The customer population used for all three broadcasts is the same dataset.
March
E-mail Focus: Product
Test A: NINA/No Doc - $750K to 80% LTV
Test B: NINA/No Doc - Non-Traditional Solutions
May
E-mail Focus: Product
Test A: New 1-Month LIBOR for the Building Season
Test B: New Construction Solutions
July
E-mail Focus: Technology Enhancement
Test A: Private Label Marketing A Click Away
Test B: Let Us Market for You
The test results are as follows:
Month, A/B, qty e-mails sent, 1-wk opens, 1-wk open rate, 3-wk opens, 3-wk open rate
March A, 21019, 9809, 47%, 10450, 50%
March B, 21022, 9286, 44%, 9840, 47%
May A, 22024, 7766, 35%, 8152, 37%
May B, 22028, 9563, 43%, 10153, 46%
July A, 22600, 8698, 38%, 9580, 42%
July B, 22604, 9468, 42%, 10330, 46%
You might infer that a 3% difference in open rate is not statistically relevant. Even in market research where our audience size was much smaller, at least 8-10% is noteworthy, but not 3%. Not for this population size. Maybe if we did consumer marketing and broadcasted to millions of addresses per month would this be more relevant, but I digress. July is about the same with 4% not being that significant either.
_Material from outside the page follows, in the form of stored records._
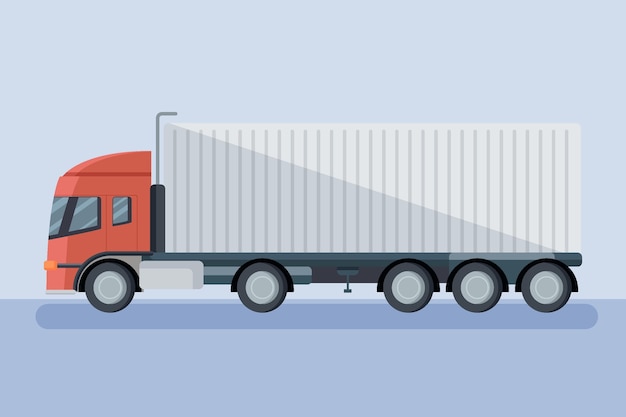 Vetor grátis entrega de caminhão de transporte de ilustração desenhada à mão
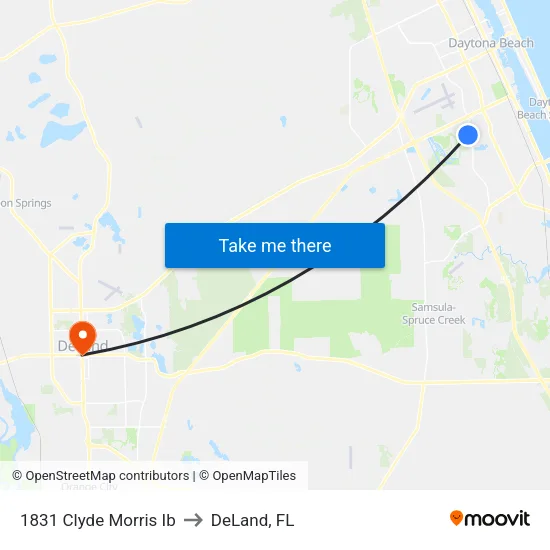 1831 Clyde Morris Ib to DeLand, FL map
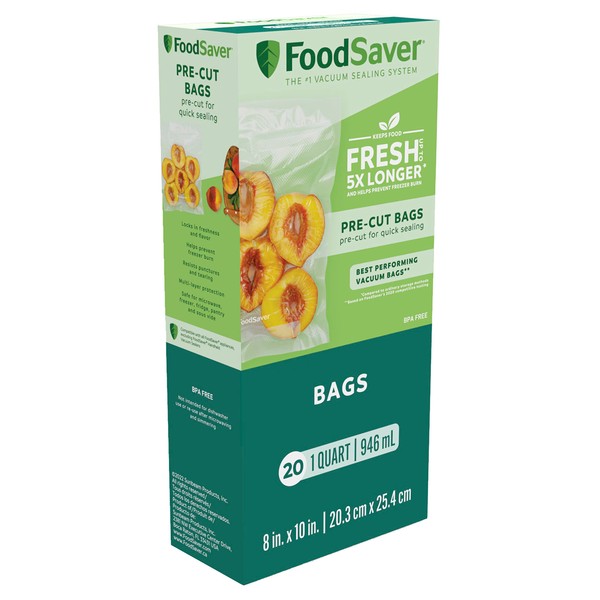 FoodSaver 1-Quart Precut Vacuum Seal Bags with BPA-Free Multilayer Construction for Food Preservation, 20 Count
So what happened with the May campaign? Perhaps it isn't data related at all. Spring to Fall is when a lot of home construction and remodeling goes on. A product that has good rates for just its first month isn't as appealing as say, a more general umbrella of solutions offered to a customer.
One thought in the aftermath of the May campaign was that dataset B responded more favorably to campaign broadcasts. Sure, I might be inclined to believe that. However, for the July A/B campaign, the second half of the population was sent the A campaign, and the first half were sent the B campaign. As the results show, the audience didn't care one way or the other.
Analysis: Inconclusive. The only good way to measure e-mail campaign success is to tie the data to quantitative metrics, like how much loan volume resulted from a broadcasted campaign, how much of a media mix was used to promoted a particular product, how many calls were generated by this campaign. ROI isn't necessarily a good metric anymore especially when your company broadcasts in-house. It costs us almost nothing to broacast, except the time spent by the business units putting the campaign content together, myself formatting the content into html/aol campaign templates and pulling data for broadcasting.
So, is it worth the effort? No. But that isn't going to keep us from testing this process with future campaigns.